Base64 encoding explained

Base64 is a binary-to-text encoding scheme that represents arbitrary binary data using a set of 64 printable ASCII characters. The core idea is simple: take binary data that might contain bytes hostile to text-based protocols (null bytes, control characters, anything above 127), and re-encode it so every byte in the output is a safe, printable character. The cost is a ~33% increase in size -- three input bytes become four output characters1.

It's one of those things that sounds trivial until you realize just how many systems depend on it. Email attachments, data URIs in HTML, JWT tokens, HTTP Basic Authentication headers, PEM certificates -- Base64 is the quiet workhorse behind all of them.

Where it came from

The earliest standardized version of what we now call Base64 appeared in RFC 989, published in February 1987 by John Linn of BBN Corp2. That spec dealt with Privacy Enhanced Mail (PEM) -- a way to encrypt and authenticate email messages. The problem PEM had to solve was that email systems in the 1980s could only reliably transport 7-bit ASCII text. Binary data (encrypted message bodies, digital signatures) would get mangled or stripped by mail transfer agents along the way.

Linn's solution was an encoding that mapped every 6 bits of input to one of 64 ASCII characters.

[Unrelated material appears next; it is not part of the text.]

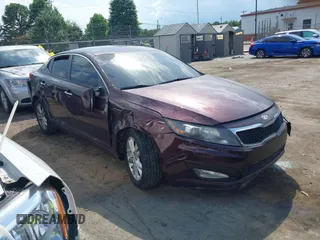 2013 Kia Optima EX z VIN 5XXGN4A73DG121905, wystawiony jako IAAI lot #39912519 z przebiegiem 234 126 mil mil oraz . Historia ofert i sprzedaży dostępna na DreamBid. Obrazek 1.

The PEM specs went through several revisions -- RFC 1040 in 1988, RFC 1113 in 1989, and finally RFC 1421 in February 19933 -- but the Base64 encoding itself remained largely the same.

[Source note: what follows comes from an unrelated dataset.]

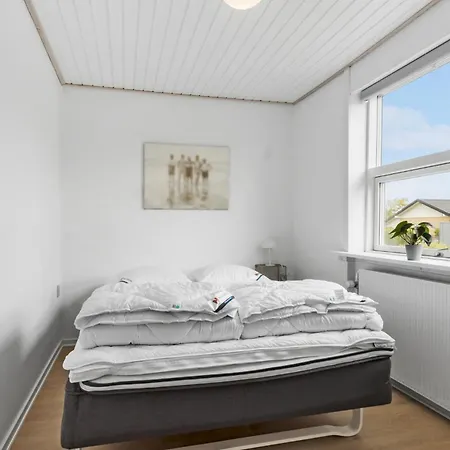 Feriehus 3 Bedroom Stunning In *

When the MIME standard arrived in November 1996 (RFC 2045 by Ned Freed and Nathaniel Borenstein), it adopted Base64 as one of its content transfer encodings and brought it to mainstream email4. That's the version most people encounter first -- the one that lets you attach a PDF to an email.

How the algorithm works

The encoding operates on groups of three bytes at a time. Three bytes is 24 bits. Those 24 bits get split into four 6-bit groups. Each 6-bit group (a value from 0 to 63) is then used as an index into the Base64 alphabet:

  • Values 0--25: A through Z
  • Values 26--51: a through z
  • Values 52--61: 0 through 9
  • Value 62: +
  • Value 63: /

That's 64 characters total, plus = for padding1.

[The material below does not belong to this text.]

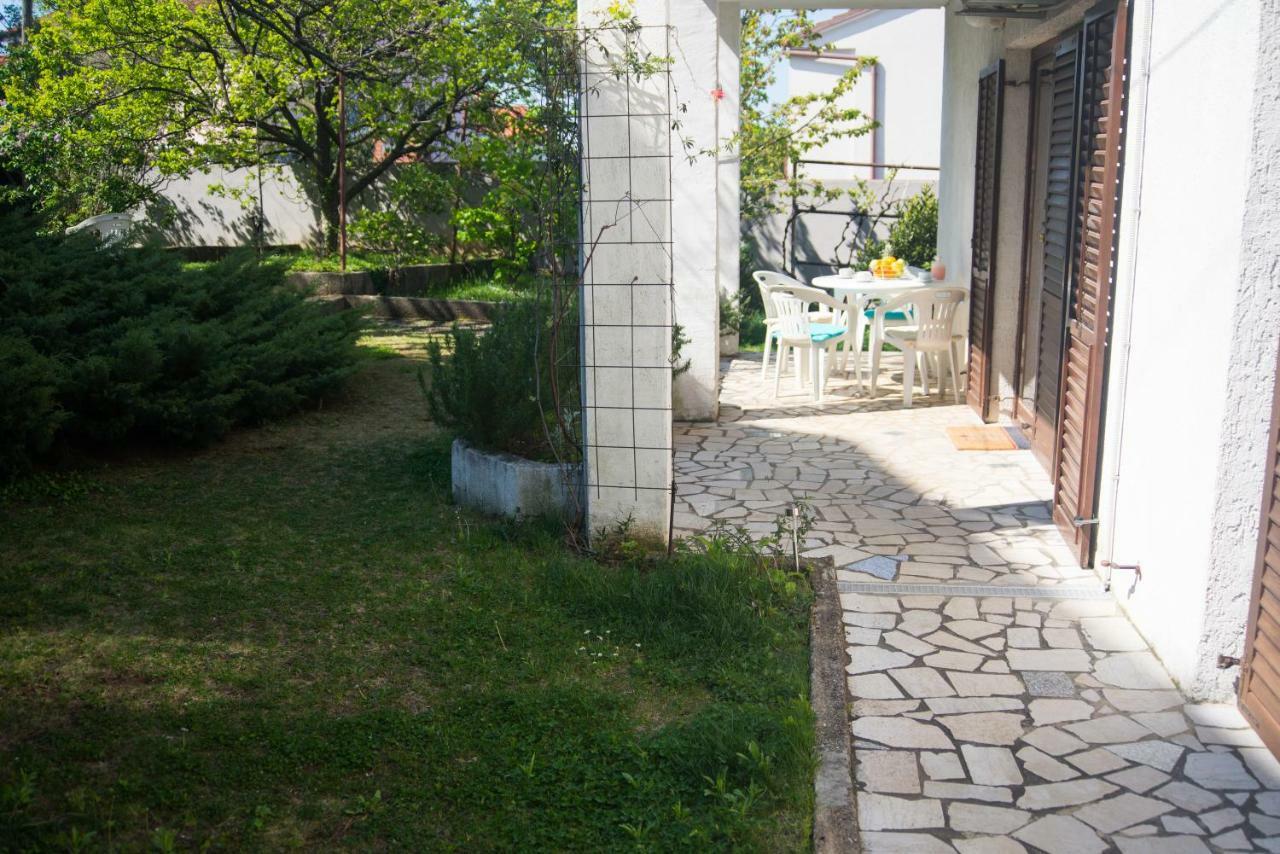 Leona Apartment Кралевица Екстериор снимка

Base64 encoding process: three ASCII bytes split into four 6-bit groups, each mapped to a characterEncoding the string 'Man' into Base64

Take the string "Man". The ASCII values are 77, 97, 110. In binary that's 01001101 01100001 01101110 -- 24 bits. Split those into four 6-bit chunks: 010011 (19), 010110 (22), 000101 (5), 101110 (46). Look each one up in the alphabet: index 19 is T, 22 is W, 5 is F, 46 is u. So "Man" encodes to TWFu.

Padding

Things get interesting when the input length isn't a multiple of three. If there's one byte left over (8 bits), the encoder pads it with zeros to 12 bits, producing two Base64 characters, then appends ==. If two bytes are left (16 bits), pad to 18 bits, output three characters, append =1.

So "Ma" (two bytes) encodes to TWE=, and "M" (one byte) encodes to TQ==. The padding tells the decoder exactly how many bytes to expect at the tail end.

The 33% overhead

The math is straightforward: every 3 bytes of input produce 4 bytes of output. That's a ratio of 4/3, or roughly 33.3% expansion4. For a 1 MB file, expect about 1.33 MB of Base64 text. It's not great, but it's not terrible either -- the entire point is compatibility, not efficiency.

Hex encoding (Base16), by comparison, doubles the size -- every byte becomes two hex characters1. Base32 sits in between, with a 60% overhead. So Base64 is actually the most space-efficient of the common binary-to-text schemes.

Where Base64 shows up

Email (MIME)

This was the original killer app. RFC 2045 specifies Base64 as a Content-Transfer-Encoding for MIME message bodies4. When you attach an image to an email, your client Base64-encodes the binary file, splits it into lines of no more than 76 characters (a requirement from the MIME spec), and embeds it in the message body. The recipient's client reverses the process.

Data URIs

RFC 2397 defines the data: URI scheme, which lets you embed small files directly into HTML or CSS5. A tiny icon as a data URI looks like:

data:image/png;base64,iVBORw0KGgoAAAANSUhEUg...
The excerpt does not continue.